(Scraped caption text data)
····················

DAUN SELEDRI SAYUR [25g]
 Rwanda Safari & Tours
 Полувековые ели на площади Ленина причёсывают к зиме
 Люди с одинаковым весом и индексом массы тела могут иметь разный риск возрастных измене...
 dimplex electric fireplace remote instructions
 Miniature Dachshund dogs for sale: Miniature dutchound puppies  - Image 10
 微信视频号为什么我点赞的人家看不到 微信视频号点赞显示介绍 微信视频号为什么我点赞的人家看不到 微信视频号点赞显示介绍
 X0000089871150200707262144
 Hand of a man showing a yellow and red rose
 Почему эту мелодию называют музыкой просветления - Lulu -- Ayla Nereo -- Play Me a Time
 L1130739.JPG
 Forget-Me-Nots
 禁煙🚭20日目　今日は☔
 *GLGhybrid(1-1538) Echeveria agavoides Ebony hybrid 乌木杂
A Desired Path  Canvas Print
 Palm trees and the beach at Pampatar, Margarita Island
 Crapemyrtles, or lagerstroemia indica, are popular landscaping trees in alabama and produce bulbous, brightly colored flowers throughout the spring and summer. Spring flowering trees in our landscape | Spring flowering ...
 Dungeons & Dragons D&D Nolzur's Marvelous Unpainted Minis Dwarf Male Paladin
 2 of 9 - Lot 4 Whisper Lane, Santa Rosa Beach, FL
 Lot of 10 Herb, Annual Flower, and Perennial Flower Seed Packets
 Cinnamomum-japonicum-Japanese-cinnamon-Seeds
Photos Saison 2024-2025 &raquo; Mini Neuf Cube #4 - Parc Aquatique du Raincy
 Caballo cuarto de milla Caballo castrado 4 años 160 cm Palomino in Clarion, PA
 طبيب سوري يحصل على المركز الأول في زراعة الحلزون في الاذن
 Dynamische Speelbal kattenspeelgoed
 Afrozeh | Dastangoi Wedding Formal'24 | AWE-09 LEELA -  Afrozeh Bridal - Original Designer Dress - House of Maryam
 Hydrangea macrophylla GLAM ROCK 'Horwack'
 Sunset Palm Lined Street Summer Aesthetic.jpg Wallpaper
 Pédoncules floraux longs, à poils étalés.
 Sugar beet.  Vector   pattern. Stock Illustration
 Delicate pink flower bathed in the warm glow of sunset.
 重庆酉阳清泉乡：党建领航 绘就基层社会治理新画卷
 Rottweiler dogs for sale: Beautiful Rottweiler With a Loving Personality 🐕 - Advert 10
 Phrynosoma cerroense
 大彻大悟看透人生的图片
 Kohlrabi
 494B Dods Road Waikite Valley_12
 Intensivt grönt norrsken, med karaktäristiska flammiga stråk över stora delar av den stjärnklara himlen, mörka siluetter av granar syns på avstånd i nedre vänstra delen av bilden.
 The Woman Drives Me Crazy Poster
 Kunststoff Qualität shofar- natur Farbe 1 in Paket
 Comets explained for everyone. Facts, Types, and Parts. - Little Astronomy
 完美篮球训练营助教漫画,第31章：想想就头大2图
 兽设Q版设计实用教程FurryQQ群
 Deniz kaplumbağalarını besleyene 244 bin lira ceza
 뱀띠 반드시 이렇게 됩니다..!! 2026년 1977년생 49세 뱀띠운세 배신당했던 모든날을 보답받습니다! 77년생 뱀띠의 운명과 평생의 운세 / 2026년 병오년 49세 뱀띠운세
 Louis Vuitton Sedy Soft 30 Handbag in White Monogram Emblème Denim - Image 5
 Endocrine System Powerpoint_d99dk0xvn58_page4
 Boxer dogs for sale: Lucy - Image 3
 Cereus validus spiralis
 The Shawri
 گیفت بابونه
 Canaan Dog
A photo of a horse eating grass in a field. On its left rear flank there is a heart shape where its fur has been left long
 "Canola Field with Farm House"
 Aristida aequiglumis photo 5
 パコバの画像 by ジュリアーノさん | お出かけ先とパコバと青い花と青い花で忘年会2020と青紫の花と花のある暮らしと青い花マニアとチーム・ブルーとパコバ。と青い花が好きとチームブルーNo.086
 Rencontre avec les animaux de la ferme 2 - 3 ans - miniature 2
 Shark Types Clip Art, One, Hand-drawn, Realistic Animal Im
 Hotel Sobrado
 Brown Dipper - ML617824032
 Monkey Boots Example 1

····················

Retype each entry without altering a single word.

> [TASK SOLUTION]
DAUN SELEDRI SAYUR [25g]
 Rwanda Safari & Tours
 Полувековые ели на площади Ленина причёсывают к зиме
 Люди с одинаковым весом и индексом массы тела могут иметь разный риск возрастных измене...
 dimplex electric fireplace remote instructions
 Miniature Dachshund dogs for sale: Miniature dutchound puppies  - Image 10
 微信视频号为什么我点赞的人家看不到 微信视频号点赞显示介绍 微信视频号为什么我点赞的人家看不到 微信视频号点赞显示介绍
 X0000089871150200707262144
 Hand of a man showing a yellow and red rose
 Почему эту мелодию называют музыкой просветления - Lulu -- Ayla Nereo -- Play Me a Time
 L1130739.JPG
 Forget-Me-Nots
 禁煙🚭20日目　今日は☔
 *GLGhybrid(1-1538) Echeveria agavoides Ebony hybrid 乌木杂
A Desired Path  Canvas Print
 Palm trees and the beach at Pampatar, Margarita Island
 Crapemyrtles, or lagerstroemia indica, are popular landscaping trees in alabama and produce bulbous, brightly colored flowers throughout the spring and summer. Spring flowering trees in our landscape | Spring flowering ...
 Dungeons & Dragons D&D Nolzur's Marvelous Unpainted Minis Dwarf Male Paladin
 2 of 9 - Lot 4 Whisper Lane, Santa Rosa Beach, FL
 Lot of 10 Herb, Annual Flower, and Perennial Flower Seed Packets
 Cinnamomum-japonicum-Japanese-cinnamon-Seeds
Photos Saison 2024-2025 &raquo; Mini Neuf Cube #4 - Parc Aquatique du Raincy
 Caballo cuarto de milla Caballo castrado 4 años 160 cm Palomino in Clarion, PA
 طبيب سوري يحصل على المركز الأول في زراعة الحلزون في الاذن
 Dynamische Speelbal kattenspeelgoed
 Afrozeh | Dastangoi Wedding Formal'24 | AWE-09 LEELA -  Afrozeh Bridal - Original Designer Dress - House of Maryam
 Hydrangea macrophylla GLAM ROCK 'Horwack'
 Sunset Palm Lined Street Summer Aesthetic.jpg Wallpaper
 Pédoncules floraux longs, à poils étalés.
 Sugar beet.  Vector   pattern. Stock Illustration
 Delicate pink flower bathed in the warm glow of sunset.
 重庆酉阳清泉乡：党建领航 绘就基层社会治理新画卷
 Rottweiler dogs for sale: Beautiful Rottweiler With a Loving Personality 🐕 - Advert 10
 Phrynosoma cerroense
 大彻大悟看透人生的图片
 Kohlrabi
 494B Dods Road Waikite Valley_12
 Intensivt grönt norrsken, med karaktäristiska flammiga stråk över stora delar av den stjärnklara himlen, mörka siluetter av granar syns på avstånd i nedre vänstra delen av bilden.
 The Woman Drives Me Crazy Poster
 Kunststoff Qualität shofar- natur Farbe 1 in Paket
 Comets explained for everyone. Facts, Types, and Parts. - Little Astronomy
 完美篮球训练营助教漫画,第31章：想想就头大2图
 兽设Q版设计实用教程FurryQQ群
 Deniz kaplumbağalarını besleyene 244 bin lira ceza
 뱀띠 반드시 이렇게 됩니다..!! 2026년 1977년생 49세 뱀띠운세 배신당했던 모든날을 보답받습니다! 77년생 뱀띠의 운명과 평생의 운세 / 2026년 병오년 49세 뱀띠운세
 Louis Vuitton Sedy Soft 30 Handbag in White Monogram Emblème Denim - Image 5
 Endocrine System Powerpoint_d99dk0xvn58_page4
 Boxer dogs for sale: Lucy - Image 3
 Cereus validus spiralis
 The Shawri
 گیفت بابونه
 Canaan Dog
A photo of a horse eating grass in a field. On its left rear flank there is a heart shape where its fur has been left long
 "Canola Field with Farm House"
 Aristida aequiglumis photo 5
 パコバの画像 by ジュリアーノさん | お出かけ先とパコバと青い花と青い花で忘年会2020と青紫の花と花のある暮らしと青い花マニアとチーム・ブルーとパコバ。と青い花が好きとチームブルーNo.086
 Rencontre avec les animaux de la ferme 2 - 3 ans - miniature 2
 Shark Types Clip Art, One, Hand-drawn, Realistic Animal Im
 Hotel Sobrado
 Brown Dipper - ML617824032
 Monkey Boots Example 1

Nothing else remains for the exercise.